> _Study material_
[Start of section]

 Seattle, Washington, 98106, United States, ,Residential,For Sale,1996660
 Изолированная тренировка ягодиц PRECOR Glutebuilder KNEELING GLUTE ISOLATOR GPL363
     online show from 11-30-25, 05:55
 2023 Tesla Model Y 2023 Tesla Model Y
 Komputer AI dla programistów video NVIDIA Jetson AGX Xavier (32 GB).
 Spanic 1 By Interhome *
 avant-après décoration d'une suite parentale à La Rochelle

[End of section]
[Start of section]

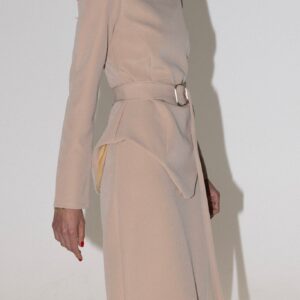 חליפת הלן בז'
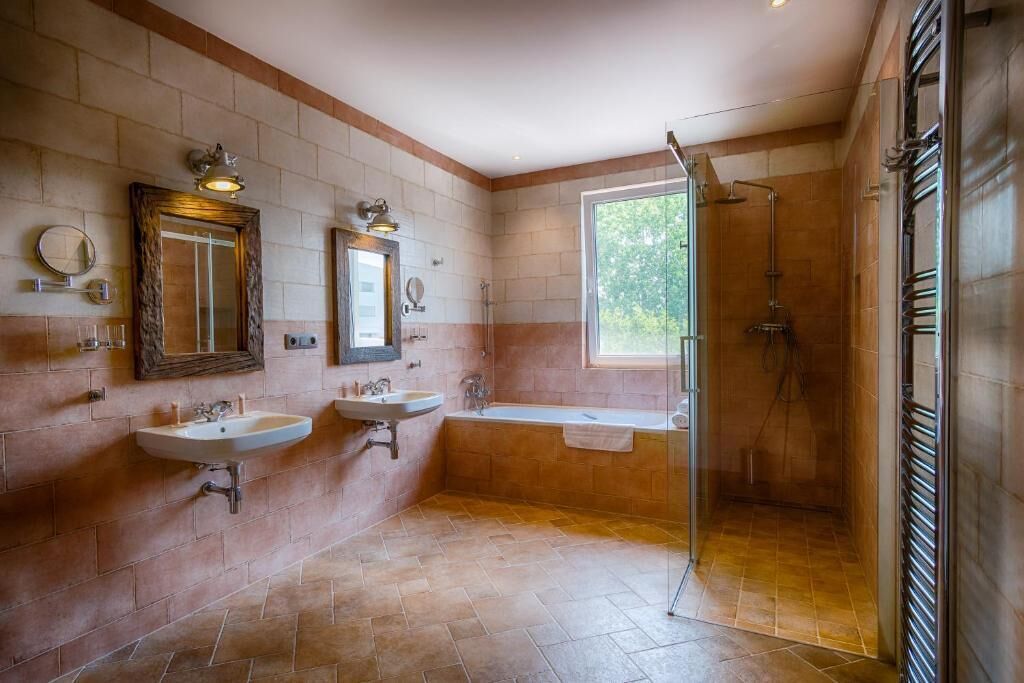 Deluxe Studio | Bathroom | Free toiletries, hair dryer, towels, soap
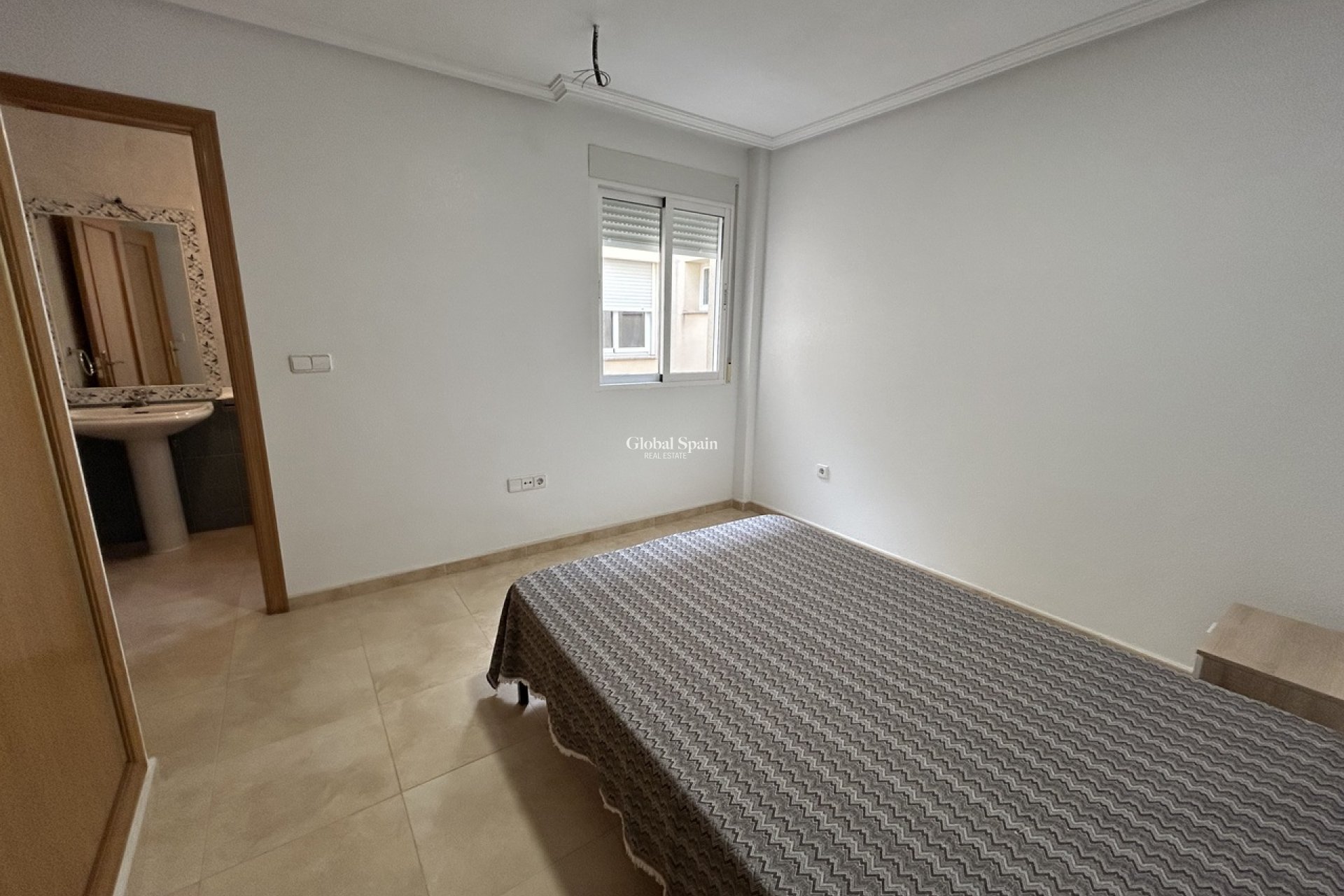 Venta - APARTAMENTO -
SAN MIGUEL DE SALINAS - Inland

[End of section]

> _Exercise prompt_
Looking at the data above, return every line from the one with "2023 Tesla Model Y 2023 Tesla Model Y" down to the one with "avant-après décoration d'une", exactly and inclusively.

> _Written response_
 2023 Tesla Model Y 2023 Tesla Model Y
 Komputer AI dla programistów video NVIDIA Jetson AGX Xavier (32 GB).
 Spanic 1 By Interhome *
 avant-après décoration d'une suite parentale à La Rochelle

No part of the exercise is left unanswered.